There are people who would outwardly and proudly diminish a term, removing all of its substance and attainment, to satisfy some inner quest of personal fulfillment, despite their paradox of self-satisfaction and reality….

Friend Collector [frend] [kuh-lek-ter] noun:

  1. A person who adds enormous amounts of people on their social networking pages just for the sake of having enormous amounts of people on their social networking pages for (another) sake of believing they are cool or better or more popular than everyone else.
  2. A person who ignores you when you try to talk to them because they think they are better than you due to the large amount of friends they have on their friends list.
  3. A person who clicks on “add friend” buttons without knowing the person they are adding.
  4. A person who clicks on “add friend” buttons without ever meeting the person they are adding.
  5. A person who thinks they are special in reference to their social network microcosm.
  6. A person who has no actual friends; attracts mindless lemmings.

Origin: After 2005; American English friend collector (friend collector, friend collecting, friend collected). Related terms include; friend whore, friend whoring, pedo bear, glitter gatherer, wannabe, Eslut, comment whore, so-so lonely.

Before we start, let’s exclude from this definition all famous people, professional athletes, models, movie stars, musicians, comedians, bloggers, promoters, or anyone else whose career is based on vein popularity of social media and its blind adding of people to their sites and pages to promote themselves or their cause, product, or talent.  With that said, if you are not one of these people listed above and you find yourself adding people (in large amounts) to your social media websites who you don’t know, there is a good chance you meet the criteria of a Friend Collector.
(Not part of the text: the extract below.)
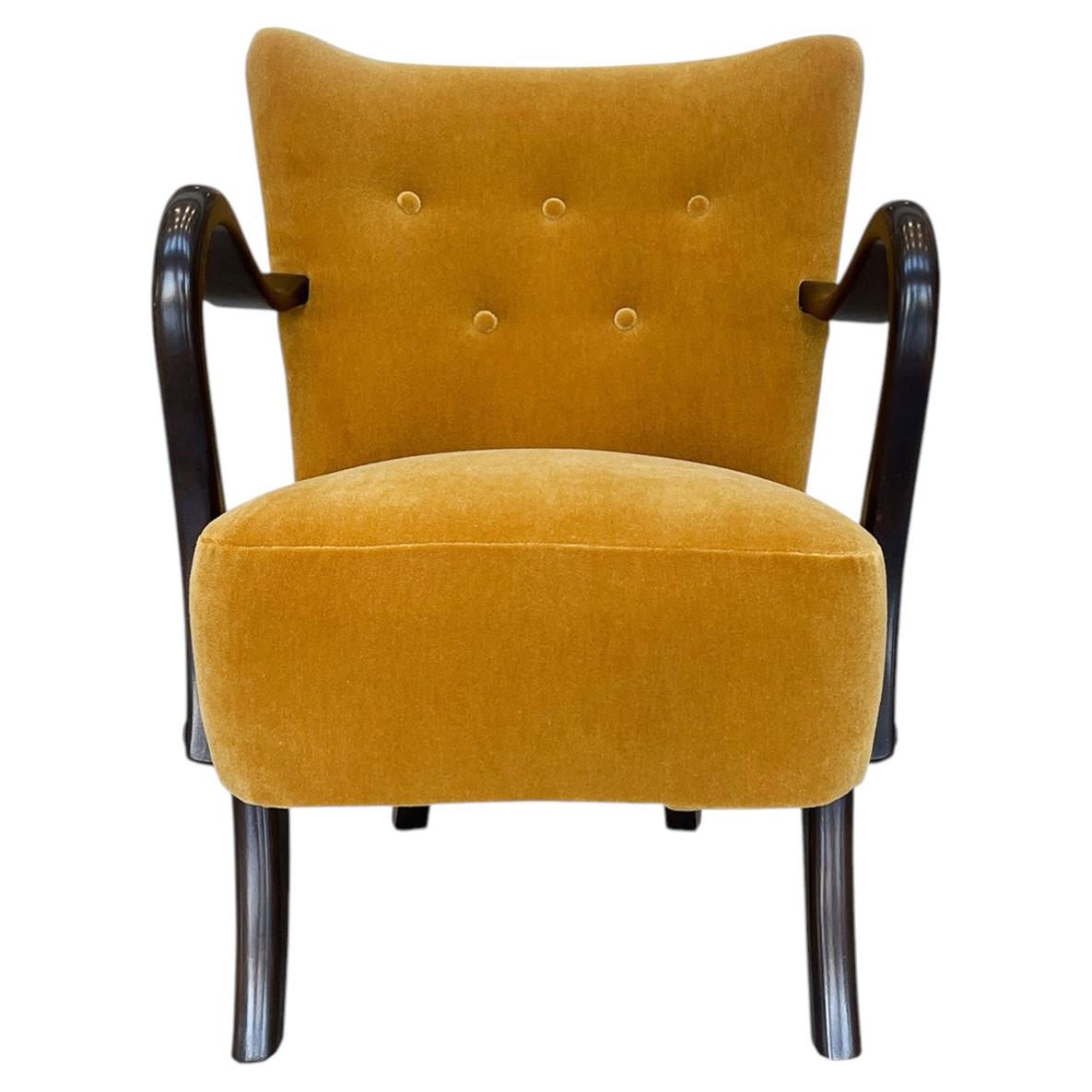 Alfred Christensen Danish Modern Wingback Armchair in Dedar Mohair For Sale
I guess I was lucky that Facebook, Twitter, Pinterest, Instagram, and Myspace weren’t popular or didn’t exist when I was in high school and college, so I didn’t feel compelled to add every person in my class every year to my friends list.  But I get it; kids these days add everyone they meagerly associate with in order to keep the status quo of their classmates years to come (a friend of a friend is a friend).  Kids will be kids, but what is your excuse?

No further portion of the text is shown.